Lieu jaune de ligne, myosotis aquatique, bouillon froid infusé, huile de cosse de petits pois ©Table
Lieu jaune de ligne, myosotis aquatique, bouillon froid infusé, huile de cosse de petits pois ©Table

Six semaines en Grèce à cuisiner la Méditerranée
"J’ai toujours cuisiné l’Atlantique (homard de l’île d’Yeu, Saint-Jacques de plongée) très peu la méditerranée. Alors, je suis parti six semaines en Grèce, à Agios Dimitrios dans le Magne (Péloponnèse). J’ai remonté des cigales de mer depuis des casiers plongés à 160 mètres de profondeur : une fois glissée sous les braises, quel bonheur absolu ! Anémone de mer, petits encornets… Il y a tout là-bas. Parfois, je m’en allais cueillir des asperges sauvages dans les oliveraies, sur lesquelles je déposais une lame de boutargue, et hop, voilà une petite assiette végétale digne d’être servie à Table ! Je passais le reste de la journée dans le plus simple appareil, sur ma terrasse en compagnie d’une vingtaine de chats du quartier. J’appartenais à une autre espèce, mais on était tous des animaux : on s’est adoptés. Dès que je m’habillais, ils s’éloignaient. Peut-être que l’homme a commencé à détruire la planète dès qu’il s’est habillé. Il a quitté l’harmonie. Le jour où je suis parti, mes chats sont venus me saluer, les uns après les autres. J’ai été très ému".

“Je suis un homme qui aime à en nourrir !”

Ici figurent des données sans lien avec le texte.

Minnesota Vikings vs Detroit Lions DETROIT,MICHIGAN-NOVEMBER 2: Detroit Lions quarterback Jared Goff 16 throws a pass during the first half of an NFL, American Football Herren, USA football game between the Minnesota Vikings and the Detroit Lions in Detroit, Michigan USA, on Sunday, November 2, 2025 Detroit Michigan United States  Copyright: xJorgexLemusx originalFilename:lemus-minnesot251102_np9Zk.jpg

Un produit, c’est l’alliance sacrée d’une matière et d’un caractère
"Enfant, partout, le produit m’entourait et m’attirait. Un tour dans le potager et je me composais d’instinct ma propre jardinière de légumes. Je parle bien de produits et non pas d’ingrédients. Chez moi, ils jouent le premier rôle, ce ne sont pas des figurants ! Dans mes assiettes, que ce soit de la lotte, de l’agneau, ou une volaille, le produit s’impose au centre. Pas de zigouigouis qui distraient du fondamental et tentent de faire oublier le crime de lèse-majesté : l’absence de générosité !"

Des artichauts en guise de pinceaux, émulsion agrume et huile d'olive ©Table
Des artichauts en guise de pinceaux, émulsion agrume et huile d'olive ©Table

L’Art De Nourrir, c’est mon ADN
"Et le titre de mon ouvrage... A l’origine, je suis un cuisinier amateur qui s’interrogeait sur l’espace réduit offert par une cuisine d’appartement. Aujourd’hui, je suis devenu un chef qui prône la beauté du geste, comme l’expression d’une harmonie intérieure. A Table, je traque l’inutile pour atteindre une chorégraphie naturelle, intuitive - une esthétique de l’efficacité. Tout cela au service du goût et du bonheur de mes convives. Cet art de nourrir est en mutation. Qu’on le veuille ou non, nous entrons dans un monde nouveau. Je ne parle pas des concepts à la mode comme le locavorisme (et d’ailleurs que serait le locavorisme appliqué au sens strict à Paris, manger des tomates qui ont poussé sur les toits en zinc ?), non, je pense à la définition même de « cuisiner ». Un peu d’humilité peut-être, devant l’inconnu, serait sagesse. Comme ces matins où tu te réveilles à l’aube, près de l’océan, pour t’en aller nager au loin… Face à un univers gigantesque, tu prends conscience de ta petitesse. Et la seule question à l’horizon devient : « Jusqu’où puis-je aller ? ». Cette question guide désormais toute mon existence".

L'Art de Nourrir vient de paraître chez Flammarion ©Flammarion
L'Art de Nourrir vient de paraître chez Flammarion ©Flammarion
Cuisinier autodidacte et libre penseur, Bruno Verjus estime que "la façon dont on se nourrit décide du monde dans lequel on vit". Il est le chef patron de Table, situé dans le douzième arrondissement de Paris.